##### COLLECTED MATERIAL #####

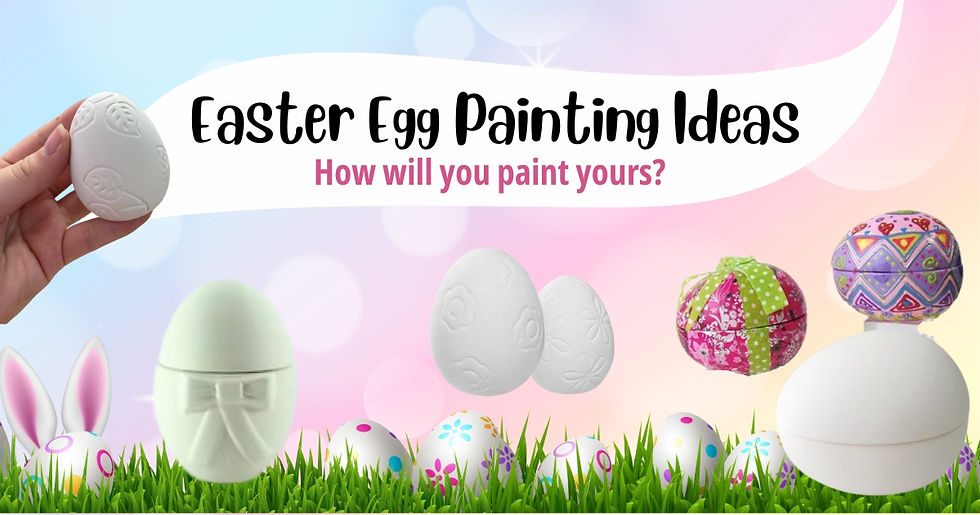 Assortment of ceramic eggs that can be painted at Crafty Monkey Pottery Painting Studio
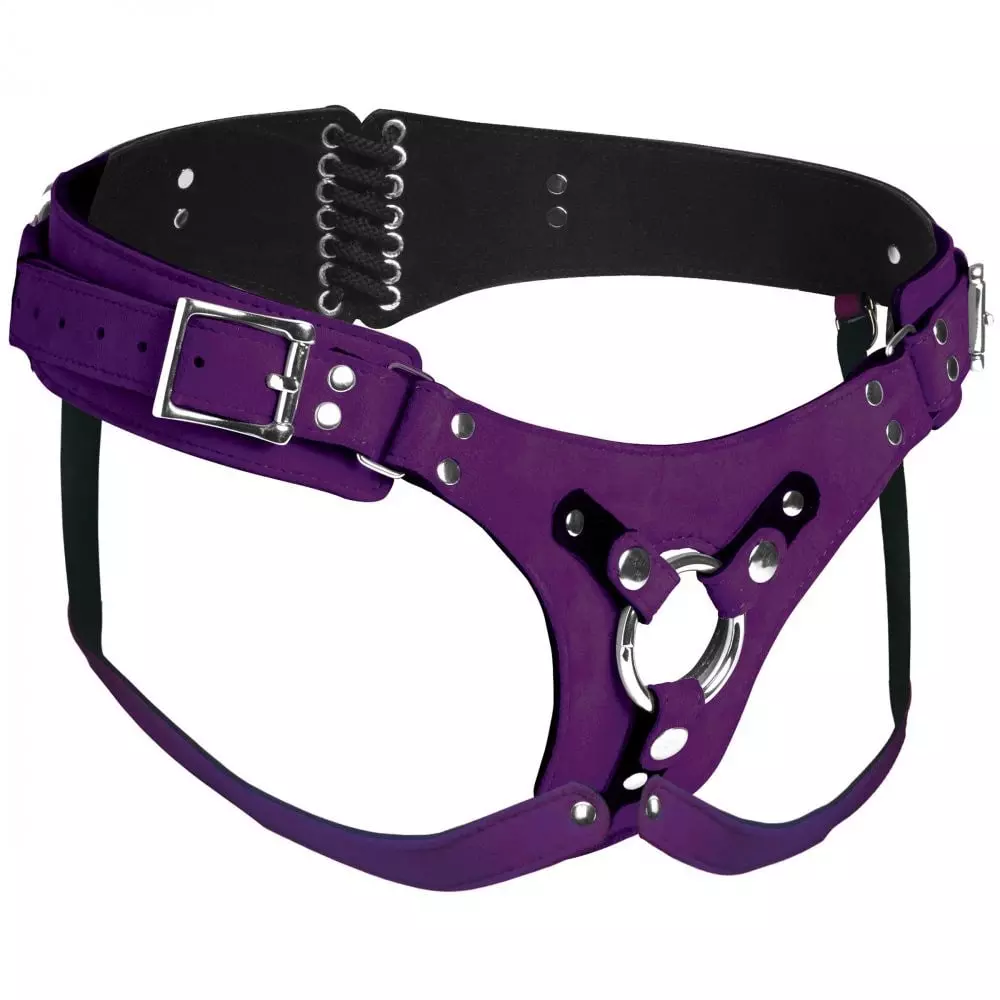 Strap U Bodice Deluxe Adjustable Leather Corset Harness - Purple
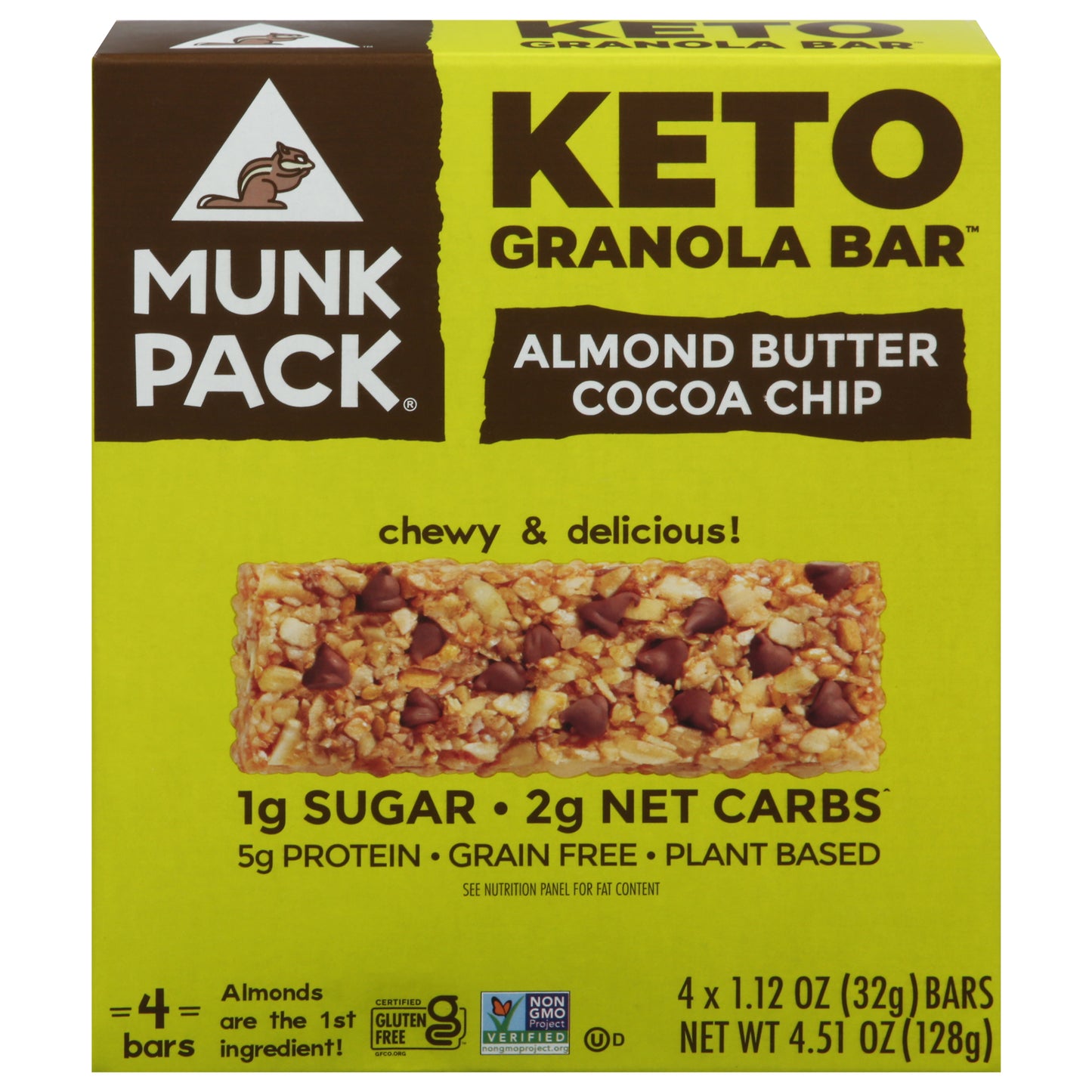 Munk Pack Bar Granola Almond Butter Chocolate chip 4.51 oz (Pack Of 6)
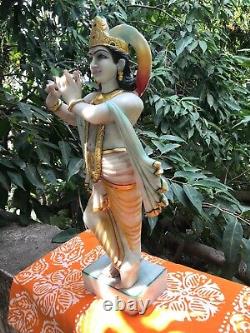 Krishna Statue indienne Sculpture ancienne Marbre Vishnou Hindou Temple Inde A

#####

:: WHAT TO DO ::
All the lines above are to be reproduced exactly, except the pictures.

:: SOLUTION TO THIS TASK ::
 Assortment of ceramic eggs that can be painted at Crafty Monkey Pottery Painting Studio
 Strap U Bodice Deluxe Adjustable Leather Corset Harness - Purple
 Munk Pack Bar Granola Almond Butter Chocolate chip 4.51 oz (Pack Of 6)
 Krishna Statue indienne Sculpture ancienne Marbre Vishnou Hindou Temple Inde A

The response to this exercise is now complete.